VOR: The Maelstrom is a science fiction miniature wargame, set in the 22nd century. It was published by FASA in 1999, but was discontinued following FASA's cessation of activities in 2001. The rules are written for 28mm skirmish games and include both set forces and rules for creating custom forces.

==Background==
In the VOR universe, the Earth has been sucked into a pocket universe known as the Maelstrom. Factions in the game include the following:

- The Union: The North American Union is the combination of all North American nations; they possess advanced technology and superior tactics.
- Neo-Soviets: Resurgent communist Russian forces, with crude but powerful weapons and mutated animals. The Neo-Soviet Empire cares for the nation as a whole and not any one citizen. It employs chemical and radiation weapons at will. The "human wave" tactic is the most common strategy used.
- Growlers: The Growlers are primate-like monsters directed by the pack's collective packmind, strong and adaptable, and the main enemies of the Zykhee.
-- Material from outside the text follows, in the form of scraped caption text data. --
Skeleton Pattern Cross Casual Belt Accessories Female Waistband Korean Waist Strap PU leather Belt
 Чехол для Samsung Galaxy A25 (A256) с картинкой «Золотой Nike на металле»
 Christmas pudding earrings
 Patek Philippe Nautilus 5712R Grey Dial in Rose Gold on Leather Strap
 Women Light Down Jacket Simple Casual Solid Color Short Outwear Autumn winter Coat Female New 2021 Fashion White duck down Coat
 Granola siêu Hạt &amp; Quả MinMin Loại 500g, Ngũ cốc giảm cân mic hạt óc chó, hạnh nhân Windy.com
The four main breeds are:
- Razorbacks - The razorback breed inhabits areas of high metallic ore concentrations. Their spines and teeth are now made of metal.
- Bluefangs - The bluefangs inhabit any lush jungle or forest they can find. As ambush hunters they will sit and wait for prey, but tend to graze their area as well, making them bloated by the sheer volume of food taken in.
- Fireguts - These growlers have actually used heat to release the energy of their food rather than chemical reactions. They inhabit areas of volcanic activity and have the ability to spit lava.
- Whitetusks - The most intelligent of growlers, the Whitetusks are the best coordinated of all the breeds. Identified by their white fur and large tusks coming from their heads they make up the smallest of the growler breeds.
- Zykhee: Vaguely humanoid aliens with advanced technology, powerful melee weapons and spiritual abilities.
- Shard: The Shard are a race of lifeforms who have transcended physical form and have become pure energy. Upon entering the Maelstrom they found the need to encase said energy/essence in crystalline forms. Vaguely humanoid in shape, the Shard have an extreme hatred for 'carbons' (carbon-based lifeforms), and stop at nothing to wipe them out.
- Pharon: The Pharon are a dead race. Formerly mummified, similar to the mummies of Ancient Egypt the strange energies of the Maelstrom have reanimated them. They attack other races for their life-giving fluids and parts. The Pharon often reanimate their enemies to serve as slaves until such time as the slaves fall apart.
- Mashers: The Mashers are very primitive creatures, yet they can 'mash' (meld) with technology. They are a race of scavengers, and bear a physical similarity to Neandertals.
- Golem: These solid creatures wear power armour. They are actually two creatures – a mindless host and an intelligent parasite, who enslave and conquer worlds.
- Ceru: The Ceru are a race of blue, gnomish beings who were enslaved by the Golem, but broke free when the Golem's homeworld (where the Ceru happened to be at the time) got sucked into the Maelstrom. They specialize in vehicles and are constantly on the move.

==Publishing history==
The setting allowed players to include new forces as other worlds are consumed by the Maelstrom and had guidelines to create rules for them. Unfortunately the complete custom force rules were never published. Since Vor went out of print, other games such as Ætherverse have offered universal design systems.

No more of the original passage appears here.